According to the 2017 report, 11,710 Nigerian immigrants studied in the U.S. in the 2016-17 academic year, the 12th highest country of origin and highest of any African country. 4,239 of these (36%) are pursuing graduate degrees. With the above, it is obvious that the effects of the visa ban may extend well beyond general assertions.


WHAT THE BAN MEANS FOR RELATIONS IN THE U.S.
One major downside of the entry ban is the breaking of family relationships as Nigerians would have a slim chance of visiting their relatives already in the U.S. A man said “Africans have very strong family ties and not allowing people from Nigeria to come into the United States would result in negative consequences for both the U.S and Nigeria”
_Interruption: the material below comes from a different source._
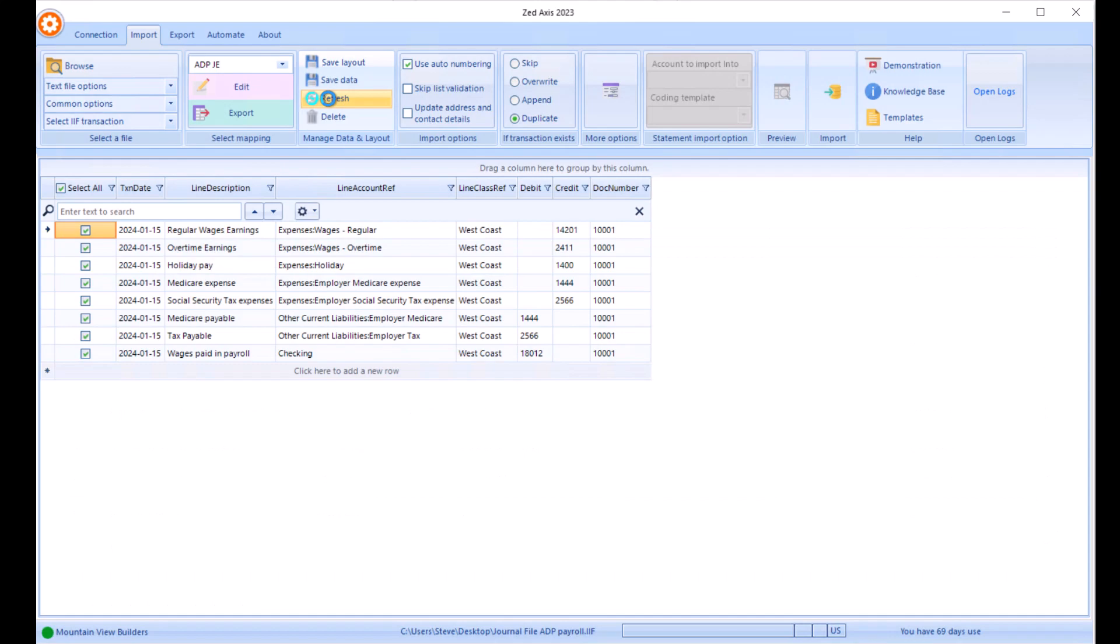That's very simply how you can use Z-Axis to import payroll data from an outsourced payroll system or another software application doing your payroll into your QuickBooks Desktop or QuickBooks Online company file.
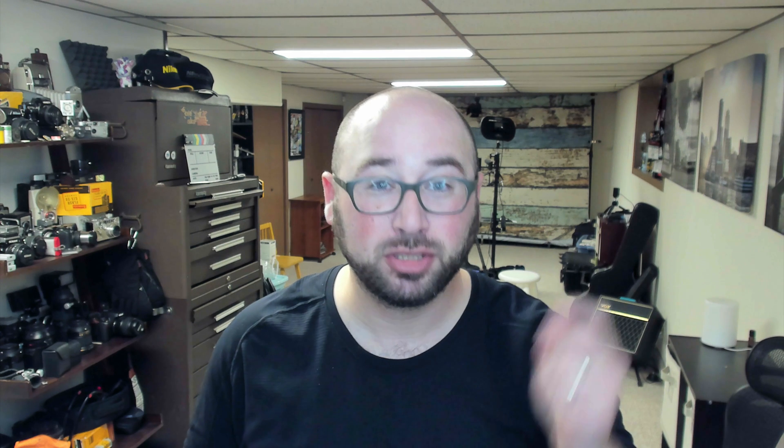I want to show you on my iPhone X how you can use the presets that you've created on your computer in Lightroom Classic CC and use them on your phone, your iPad, or on your desktop in Lightroom CC. So, check this out.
WHAT THE BAN MEANS FOR THE UNITED STATES.
At this point, it is critical to revisit what and why America is called a “Melting Pot”. America’s former President, John. F. Kennedy examined America’s early history in his book ‘A Nation of Immigrants’ noting that “ What Alexis de Tocqueville saw in America was a society of immigrants most of whom had begun anew and on an equal footing. This was the secret of America; a nation with a fresh memory of old traditions who dared to explore new frontiers”


The recent visa ban is one that shakes the ideals of such founding fathers of America.


“President Trump and his administration’s continued disdain for our nation’s national security and our founding ideals of liberty and justice dishonor our proud immigrant heritage and the diversity that strengthens and enriches our communities,” said Speaker Nancy Pelosi.


In all, it’s been justified that what the administration sees as a threat to national security will not only cause a major retrogression in the economy of the affected countries, especially Nigerian but may as well be a threat to the ideals and honor of the founding fathers of the United States of America. U.S officials reported that the restrictions, which now cover 13 countries, will affect several thousand people.